If one were to view the 2008/9/10 vintage wells using the “well status” tab, the clear pattern of Nesson Anticline targeting, along with the Parshall/Sanish region should be readily apparent.
With Williston Basin production history going back ~70 years, operators were familiar with the region’s geology and hydrocarbon potential.
Mike Johnson leased 40,000 acres of the Parshall in 2005 for $3/acre, then sold the rights to EOG, which is why EOG dominates this area.
Back then, it was customary for laterals to be in the 5,000 foot range as the state’s Drilling Spacing Unit regulations had not yet doubled to 1,280 acre size.
Using the “ultimate recovery” tab, quarterly timeframes, for the years 2017 and 2018, one might get a glimpse of future Bakken production profiles.
Cutting edge completion practices employ what is being described as Extreme Limited Entry perforating.
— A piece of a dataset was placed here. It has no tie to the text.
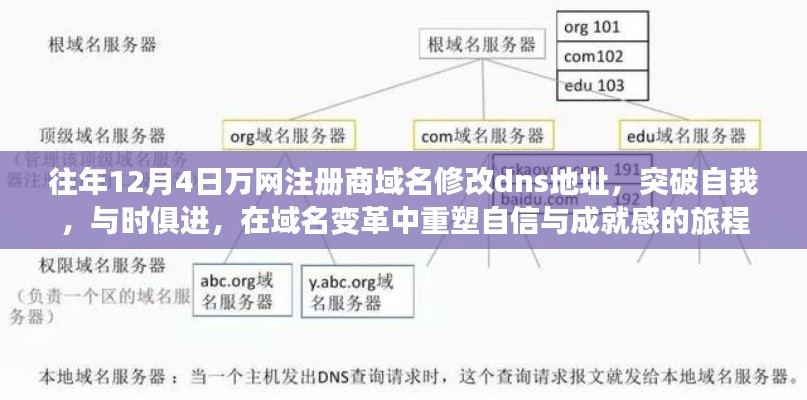 重塑自信与成就感的旅程，万网注册商域名变革中的DNS地址修改与时俱进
Essentially, the hardware, pumping procedures, proppant placement (including micro proppants and diverters), micro seismic monitoring, and pre-planned stage placement are some of the components enabling operators to create and maintain a 1,500 to 2,000 psi ever-expanding “pressure bubble” within which WAY more of the pre-existing micro cracks open, are scoured, and propped.
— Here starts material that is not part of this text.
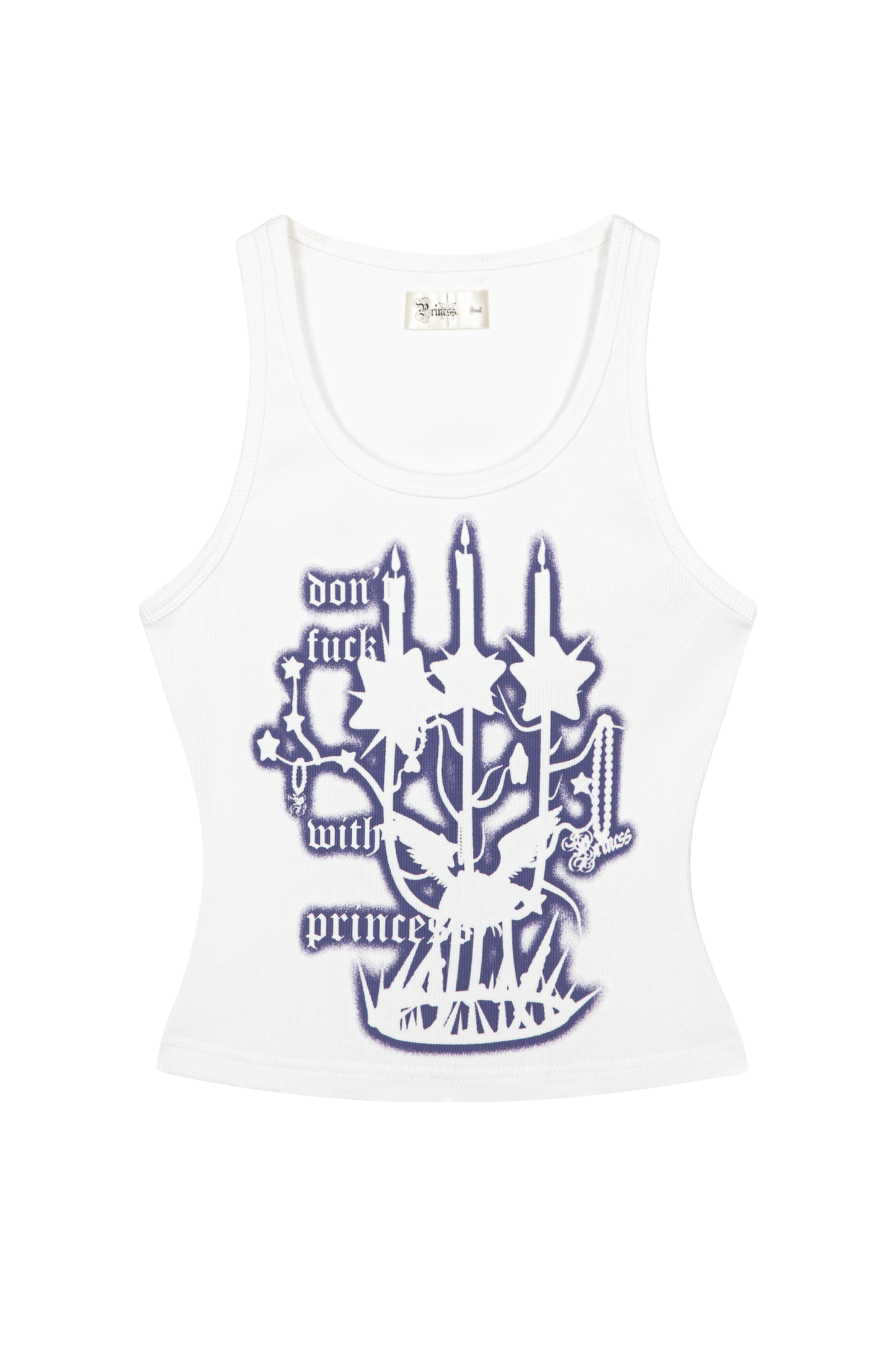 "WARNING" TANKTOP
Recovery rates are now claimed by some operators to be in the 20% range.
With the cost to drill/complete now about $5 1/2 million in the Bakken, tier 1 acreage is actually expanding significantly.
The biggest reason for current plateauing of Bakken oil production is the gas flaring issue, as Helms has repeatedly stated.
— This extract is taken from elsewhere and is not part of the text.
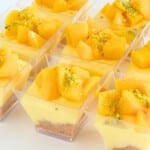 Mango Cheesecake Dessert Cups Cupcake Savvy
With proposed expansion of several takeaway pipelines and gas processing plants, record output is expected over the next 2 years … price dependent, as always.
Just did some math from the latest DPR, know it is unreliable but still:
North Dakota production in September 2018: 1,368 kb/d, legacy decline 63 kb/d
North Dakota production in September 2019: 1,436 kb/d, legacy decline 73 kb/d
Production increased by 5%, legacy decline by 16% in the last 12 months. This trend do not need to continue for long until Bakken plateaus…
The same is true for the other basins, but Bakken worst. Would think the opposite would happen, once production levels off, overall legacy decline goes down.
Any have an explanation?
@ Alex
Look at the last 18 months of wells and you will see that they make up almost 60 percent of all the bakken production. They wells will fall almost 70 percent from peak month 1 to 12 month later and it seems like the decline is accelerating. The Bakken has an overall 5 percent field decline per month if they keep completing wells at the rate they are completing. The only to well set that are increasing production on average is Month 1 new well and Month 2.
So if we assume a field decline per month of 5 percent on a base of 1.4 million barrels per day the month 1 and month 2 wells have to offset a monthly decline of around 2.1 million barrels per month.
If we assume Month 1 is like 2018 where the average well produce around 327 barrel of oil per day and Month 2 is like 662 barrels per month.
If they complete around 100 wells per month on average
100*327*30 days= 981,000 new barrels from Month 1 wells
100*(662-327)*30 days= 1,005,000 new barrels from Month 2 wells
That equals 1,986,000 new oil barrels per month
So as you can see 1,200 wells isn’t enough to maintain a field production of 1.4 million barrels of Bakken Field production
To understand how many wells are needed to support a certain production level, I simply estimate the average ultimate recovery, and divide the level by this number.
For example, suppose a 400k bbl average ultimate recovery, then 1.4 million bo/d / 400k = 3.5 wells per day are needed (=105 per month). This assumes that well productivity doesn’t change (highly unrealistic).
This simply follows from the idea that if every day you are adding 3.5 * 400k of new oil output potential, in the long run you will get to that level (1.4 million bo/d).
The initial rates and the shape of the decline do not matter in this calculation.